Усевшись на кровать рядом с ножкой, я разделась, сняла обычный протез…и наткнулась взглядом на протянутый Настей пакетик.
— Это тебе, — она смутилась и шаркнула ножкой.
В пакетике были чёрные и, скажем так, весьма эротичные стринги и бюстик. Я подняла взгляд на Настю, та потемнела и смутилась ещё больше.
— Ну чего ты так смотришь? Мне действительно хочется братика или сестричку, вот я и решила посодействовать.
От такого Настиного пассажа я сложилась на кровати втрое и смогла нормально дышать не раньше, чем через пару минут. Проржавшись, я надела Наськин подарок, кстати, действительно весьма симпатичный и пришедшийся по размеру, потом быстро упаковавшись в протез и прикид, отправилась в свою спальню делать макияж.
Наська вошла вслед за мной и, увидев как я зависла в размышлении над коробкой с тенями, громко заорала: — Оля! Иди сюда! Помоги маме накраситься, а то она от волнения такое нарисует, что от неё гиены шарахаться будут!
Вот зараза!
Демидовск
40 число 02 месяца 22 года. 15 часов 58 минут
Настя
Мы вышли из дома и уселись в «индусика». Маму я безо всяких отправила на пассажирское место, а то, не дай бог, ещё впишется в кого-нибудь. Старшие Горобцы уселись за нами, а Оля и короед — в заднем отсеке.
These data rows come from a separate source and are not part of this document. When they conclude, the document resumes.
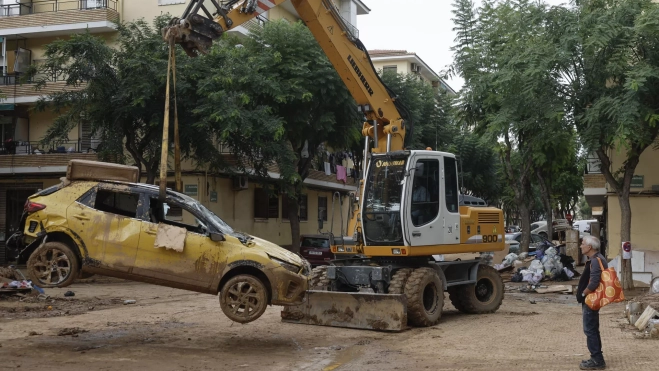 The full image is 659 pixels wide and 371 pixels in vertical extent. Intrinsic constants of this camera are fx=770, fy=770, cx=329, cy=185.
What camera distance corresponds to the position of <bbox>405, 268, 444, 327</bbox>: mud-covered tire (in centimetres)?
1343

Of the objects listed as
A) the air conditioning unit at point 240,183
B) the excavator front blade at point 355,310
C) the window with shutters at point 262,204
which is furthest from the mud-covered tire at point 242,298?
the window with shutters at point 262,204

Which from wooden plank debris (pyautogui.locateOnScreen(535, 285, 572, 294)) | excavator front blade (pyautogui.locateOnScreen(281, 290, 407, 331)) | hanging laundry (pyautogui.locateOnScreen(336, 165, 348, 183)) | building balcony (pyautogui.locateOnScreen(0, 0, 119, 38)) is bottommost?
wooden plank debris (pyautogui.locateOnScreen(535, 285, 572, 294))

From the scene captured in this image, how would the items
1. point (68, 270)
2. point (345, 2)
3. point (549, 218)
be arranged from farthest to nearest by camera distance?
point (345, 2) → point (549, 218) → point (68, 270)

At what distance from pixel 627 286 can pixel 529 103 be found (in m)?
5.76

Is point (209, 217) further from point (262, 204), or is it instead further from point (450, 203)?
point (262, 204)

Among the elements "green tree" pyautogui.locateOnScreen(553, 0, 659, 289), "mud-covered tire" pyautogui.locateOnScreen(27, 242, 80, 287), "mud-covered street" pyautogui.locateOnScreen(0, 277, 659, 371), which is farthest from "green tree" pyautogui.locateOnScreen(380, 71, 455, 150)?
"mud-covered tire" pyautogui.locateOnScreen(27, 242, 80, 287)

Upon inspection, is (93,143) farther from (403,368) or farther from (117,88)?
(403,368)

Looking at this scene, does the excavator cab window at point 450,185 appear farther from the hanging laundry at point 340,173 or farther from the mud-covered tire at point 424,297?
the hanging laundry at point 340,173

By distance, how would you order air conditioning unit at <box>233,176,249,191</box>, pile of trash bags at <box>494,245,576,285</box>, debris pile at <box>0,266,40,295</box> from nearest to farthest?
debris pile at <box>0,266,40,295</box>
pile of trash bags at <box>494,245,576,285</box>
air conditioning unit at <box>233,176,249,191</box>

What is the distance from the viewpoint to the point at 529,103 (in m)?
20.2

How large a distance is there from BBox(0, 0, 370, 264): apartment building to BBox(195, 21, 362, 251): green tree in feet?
8.88

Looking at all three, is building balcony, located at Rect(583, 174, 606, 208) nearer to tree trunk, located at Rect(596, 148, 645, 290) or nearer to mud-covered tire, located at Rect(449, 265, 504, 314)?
tree trunk, located at Rect(596, 148, 645, 290)

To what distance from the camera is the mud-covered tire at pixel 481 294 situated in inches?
634

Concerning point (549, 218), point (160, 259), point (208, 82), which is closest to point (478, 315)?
point (160, 259) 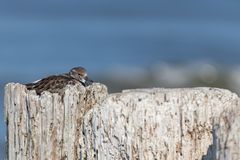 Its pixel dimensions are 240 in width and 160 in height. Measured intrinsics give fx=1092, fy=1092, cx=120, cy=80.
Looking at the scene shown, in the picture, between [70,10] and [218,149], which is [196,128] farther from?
[70,10]

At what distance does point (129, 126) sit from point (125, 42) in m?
13.6

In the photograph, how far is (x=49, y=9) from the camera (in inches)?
848

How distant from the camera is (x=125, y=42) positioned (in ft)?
57.9

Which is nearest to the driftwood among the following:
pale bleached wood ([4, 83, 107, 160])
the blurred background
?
pale bleached wood ([4, 83, 107, 160])

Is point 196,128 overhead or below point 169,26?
below

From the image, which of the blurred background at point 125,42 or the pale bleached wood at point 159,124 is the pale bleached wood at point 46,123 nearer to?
the pale bleached wood at point 159,124

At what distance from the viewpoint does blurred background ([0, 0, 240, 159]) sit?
14.4m

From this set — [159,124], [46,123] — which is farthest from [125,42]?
[159,124]

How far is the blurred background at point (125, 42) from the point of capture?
14406 mm

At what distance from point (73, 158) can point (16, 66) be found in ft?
35.7

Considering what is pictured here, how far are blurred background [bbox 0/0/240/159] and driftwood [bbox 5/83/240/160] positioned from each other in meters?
5.86

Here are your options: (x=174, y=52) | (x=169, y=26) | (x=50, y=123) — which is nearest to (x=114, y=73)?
(x=174, y=52)

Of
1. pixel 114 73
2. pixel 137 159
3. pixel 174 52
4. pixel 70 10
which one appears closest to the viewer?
pixel 137 159

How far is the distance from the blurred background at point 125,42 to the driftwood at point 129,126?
586 centimetres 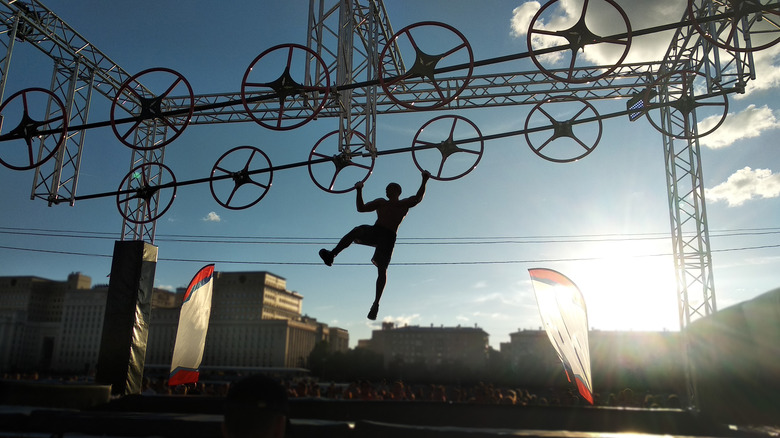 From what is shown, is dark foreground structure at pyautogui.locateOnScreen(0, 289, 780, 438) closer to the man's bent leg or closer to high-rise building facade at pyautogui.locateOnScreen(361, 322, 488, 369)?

Проверив, на всякий случай, не забыла ли Оля видеокамеру, я уселась за руль, и мы поехали в сторону центральной площади.
Возле неё нам, в отличие от обычных дней, пришлось здорово повертеться, прежде чем удалось припарковать «индусика». И это несмотря на то, что Демидовск строился по стандартам провинциального американского города, где на двух человек — одна машина. Это мне как-то подробно объяснил мой одноклассник Игорь Шереметьев, его отец как раз занимался строительством.
Народу было не просто много, а очень много, я такое количество людей в одном месте последний раз видела ещё на Старой Земле. Мы потихоньку протолкались вперёд и пристроились там, откуда была видна улица, ведущая к южному КПП.
— Пап, смотри, какие классные машины! — короед дернул Олег Палыча за руку и показал на три хищного вида автомобиля, которые я уже пару раз встречала на улицах города. Возле среднего стоял высокий и худой старик во френче с отложным воротником. Он повернул свою совершенно седую голову в нашу сторону, и я с изумлением узнала в нём Аверьянова.
— О! А Старик тоже встречает, — Олег Палыч чуть наклонил голову к короеду и продолжил, — а машины эти называются «Тигр», и ездит на них Аверьянов. Помнишь, он поздравлял нас по телевизору с Новым годом?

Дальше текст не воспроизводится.